It's just that somebody drew it to my attention that Bono did a high-profile charitable thing whenever U2 had a new album out, so I'm wary of such things.
Sourpuss, ain't I?

Tomorrow, up with the lark (or up with the bark, actually, if Blogger has anything to do with it) and off to Corbridge, The Angel, which is where, according to McMum, we celebrated McGran's funeral. I remember the day well, as I made freinds with McGran's freind Katie, who sent me a book of Khalil Gibran's poetry, as both of them had really enjoyed it.
I also cried lot that day, as McGran was my Closest Person and a perfect example of someone determined to spread fun and enjoyment no matter what life threw at her. Somewhere, I have a photo of her playing banjo with a big grin on her face. Even when over eighty, she was also prepared to sit firmly and energetically on a poo-poo cushion when she knew it was there, and be the most extraordinally shocked person in the entire universe to discover that she'd let off a massive fart at the dinner table without feeling any sort of gas-induced abdominal pressure whatsoever.

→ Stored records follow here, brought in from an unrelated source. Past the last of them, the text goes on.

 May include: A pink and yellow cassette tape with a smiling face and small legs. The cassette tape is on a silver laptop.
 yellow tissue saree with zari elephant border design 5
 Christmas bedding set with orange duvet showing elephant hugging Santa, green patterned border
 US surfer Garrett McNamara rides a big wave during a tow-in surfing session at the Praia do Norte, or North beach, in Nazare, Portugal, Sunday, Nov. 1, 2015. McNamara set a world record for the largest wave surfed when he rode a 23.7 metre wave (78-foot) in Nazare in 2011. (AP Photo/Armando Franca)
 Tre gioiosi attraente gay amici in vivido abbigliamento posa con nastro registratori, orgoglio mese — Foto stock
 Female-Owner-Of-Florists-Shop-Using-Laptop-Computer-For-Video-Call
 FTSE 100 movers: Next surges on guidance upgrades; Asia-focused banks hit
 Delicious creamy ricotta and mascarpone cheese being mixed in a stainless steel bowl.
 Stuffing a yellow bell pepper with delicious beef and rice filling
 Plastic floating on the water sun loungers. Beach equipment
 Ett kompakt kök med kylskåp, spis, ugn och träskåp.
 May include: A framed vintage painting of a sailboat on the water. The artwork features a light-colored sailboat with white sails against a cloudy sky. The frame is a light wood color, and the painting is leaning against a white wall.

Thursday, November 15, 2007

Titleless

I'm imagining a party at Brother Tobias's cottage-a-trois, in which we hunt-the-food, and loll about on various chairs scoffing what we find, which I hope would be cheese straws. I'll bring them Brother, so long as you hide them!

We got sent home again today but at least I'm sworn in and on a jury.
That means from now on, everything is secret and I'm not telling you anything, even if you buy me a cheese straw every day for the rest of my life.

Soon, I will be moving house, probably to the grubby end of town. I will pack the cats in their carry-boxes, fold the clothes I never wear and that I've moved about six times since I last wore them, put dusty books into cardboard boxes, wrap china in newspapers... actually, it's all pure fantasy at the moment. But the ground is shifting and I'm leaping from tussock to tussock; I've sold a bunch of stuff on eBay, more to go,

Posh no longer, I can hoot at the football, purchase an unsuitable newspaper, dine on fish'n'chips, and. more importantly, remember what it feels like to laugh out loud every day.
Wow.
That's priceless.

Wednesday, November 14, 2007

Cheese Straws

I found two snapped cheese straws in the cupboard.
Fabulous.
Yellowy orange.
Or orangey yellow.
Tangy.
Crunchy.
A little chewy.
Pastry-y
If you could marry cheese straws, I would do so instantly.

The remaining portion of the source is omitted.